Lo primero que encuentro son nervios. Un estado agitado que piensa en la ceremonia, en que todo salga bien, en los regalos que la gente te hace, en los amigos que pueden venir y en los que no podrán estar. Supongo que es lo más parecido a lo que siente un novio pocos días antes de su boda. No me libro de esas ‘distracciones’ aunque recientemente me haya ido unos días de retiro espiritual para afinar mejor. Eso está ahí… pero ciertamente no es lo que más habla de mí.
Doy un paso más profundo y me sitúo a otro nivel. En apenas una semana serviré la Mesa de la Eucaristía, predicaré la Palabra, celebraré los Sacramentos… Demasiadas mayúsculas. Me sé indigno, inconsciente, distraído. ¿A quién voy a mentir? ¿Sé lo que voy a prometer y realizar? ¿Ante quién me sitúo cuando preparo mi primera homilía?

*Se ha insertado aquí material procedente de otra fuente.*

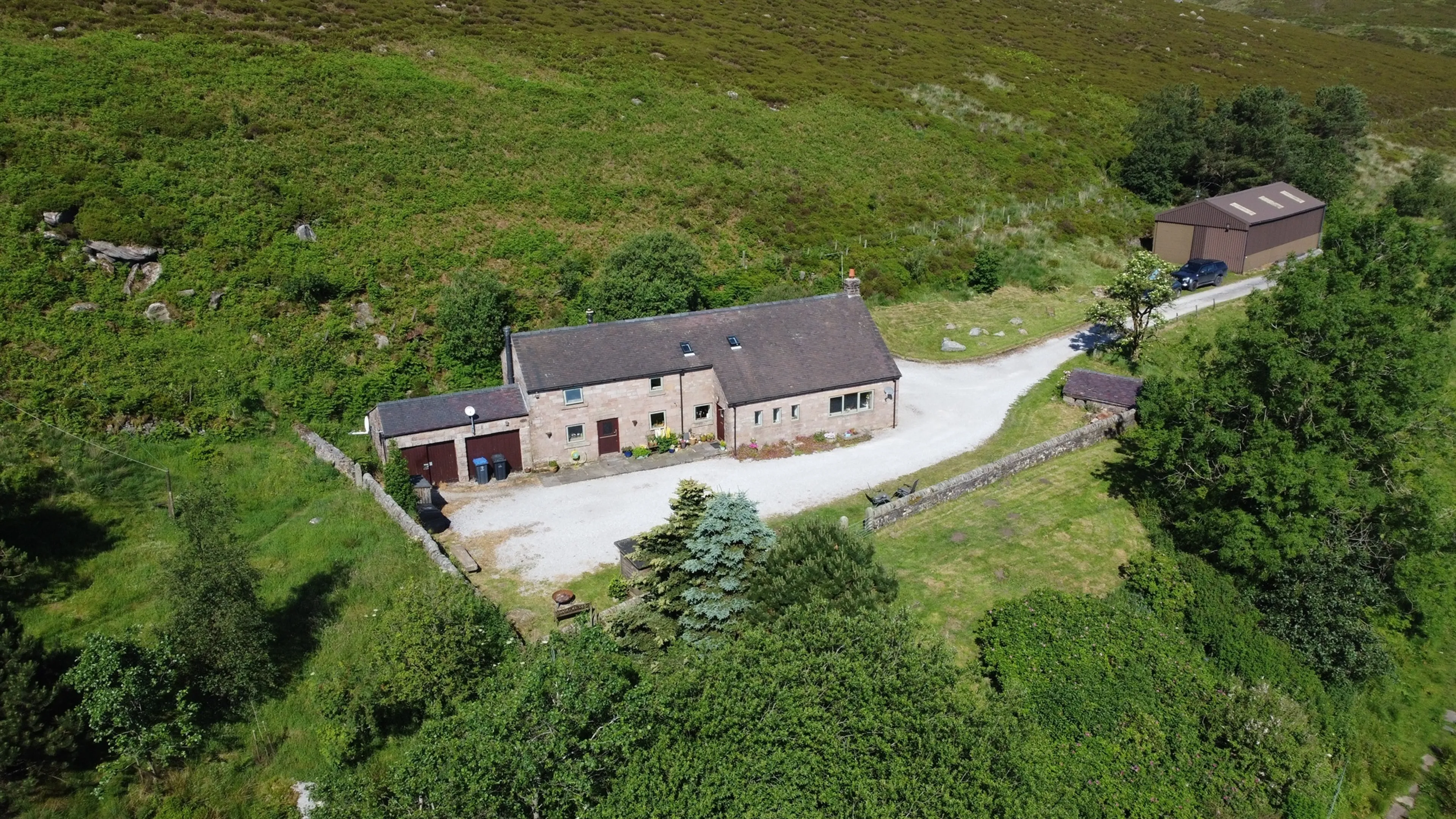 Property at ., Upper Hulme, Leek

Sólo puedo bajar la cabeza porque soy consciente de todas mis incoherencias y mis ambigüedades. Pero, gracias a Dios, esto tampoco dice toda la verdad sobre mí.
Doy un último paso, más adentro. Y llego a un nivel donde siento quietud y calma. Allí brilla una de esas pequeñas velas de té, con su llama frágil pero constante. Allí encuentro una mirada que no se detiene en mi incoherencia. Un silencio que me invita a detener mis pasos. Es a la luz de esa mirada y de esa llama, donde todo tiene sentido. Resuena entonces la frase del Ritual de la Ordenación: «Él que comenzó en ti la obra buena, Él mismo la lleve a término».